At the bar there's a woman holding things up by trying to pay for a one euro twenty cup of coffee with a hundred euro note. I'm dying of thirst while the barista tries finding change. Then the man after her is so undecided and fussy about which card to use in payment. Come on now please. I should have been to a supermarket and got water, but I'll let you in on a secret, it isn't easy to be in the supermarket and be updating this journal simultaneously at the same time. As it is, the half litre bottle come to a reasonable fifty cents.

My feet are still damp from this morning. I'm hoping they don't smell when I take my shoes off. Meanwhile the safety announcements are ongoing. The English, a miss-translation, goes "...for safety, press your lifejacket down if you have to jump from a high altitude..." Surely that should be "from a height."

Out through the window as the ship is sailing, I see bare mountainous islands. It must be hot there in Summer without any shade.
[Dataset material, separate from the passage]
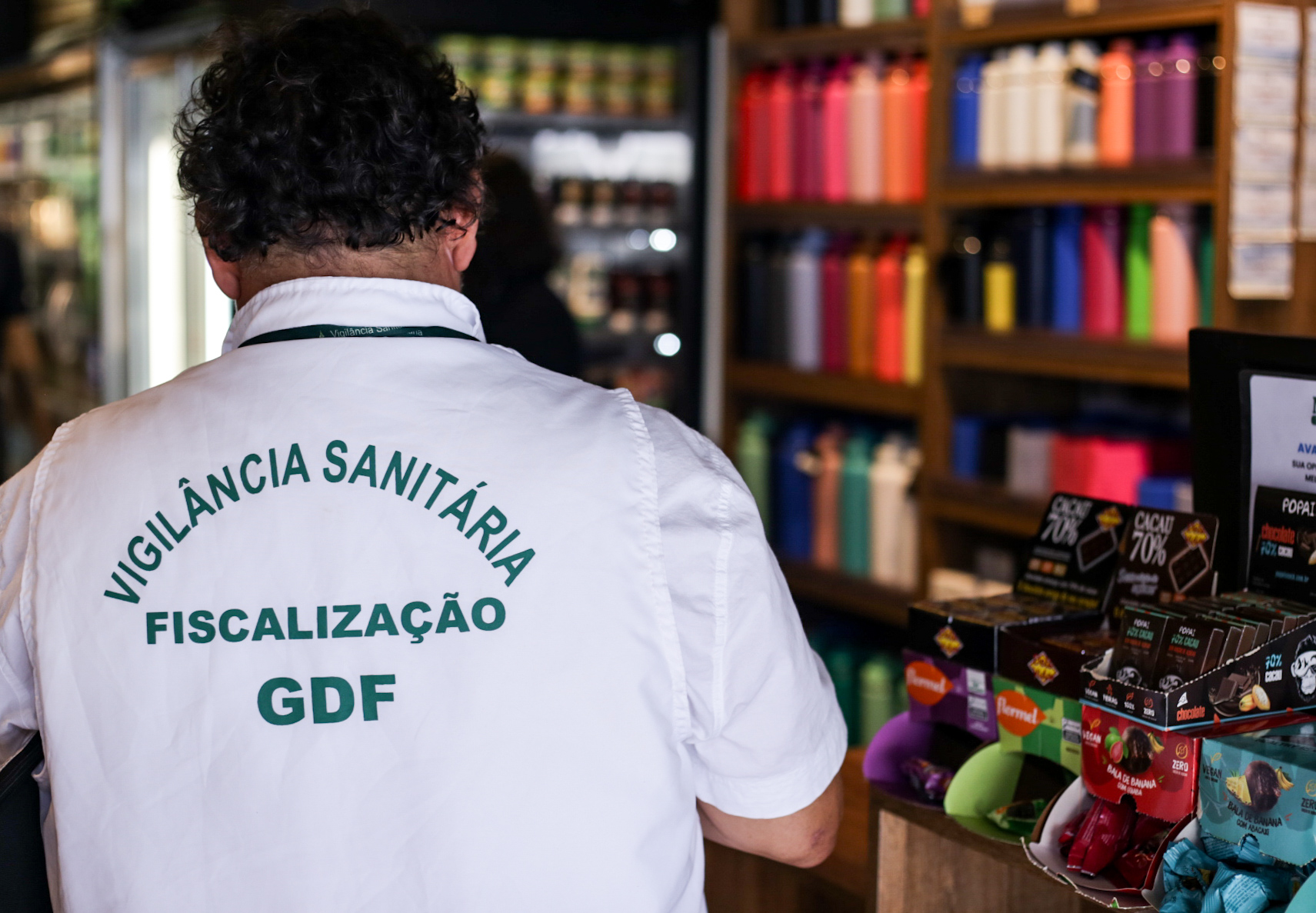 Vigilância Sanitária e Anvisa fiscalizam lojas de suplementos alimentares na Asa Sul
I try concentrating on my book but every few minutes that tannoy goes ding-dong, with some announcement or other like, "the restaurant on deck..... is opening...." Then the two year old boy in the next seat begins to ball his head off in one continuous sob that drills into my brain making concentration impossible.

Later I try out the cafeteria. The food looks tired. I opt for something which is grey with dark green in the juice, looks like spinach and the meat is lamb when I ask. Along with rice its nine euros and not wanting to drink another bottle of water, I point out a 33 cl can of Amstel beer in the fridge. It come to a stupendous two euros ninety. suffice to say I don't have a second one.

When I get up and leave I go to another lounge without kids and in there see a Korean couple I saw on Sunday's ferry from Marmaris. They recognise me and calls me over to their table. Of the two, he speaks only a little English, tells me his name is Lee and wife Ran. He is fifty-four and a retired teacher from Korea's third biggest city.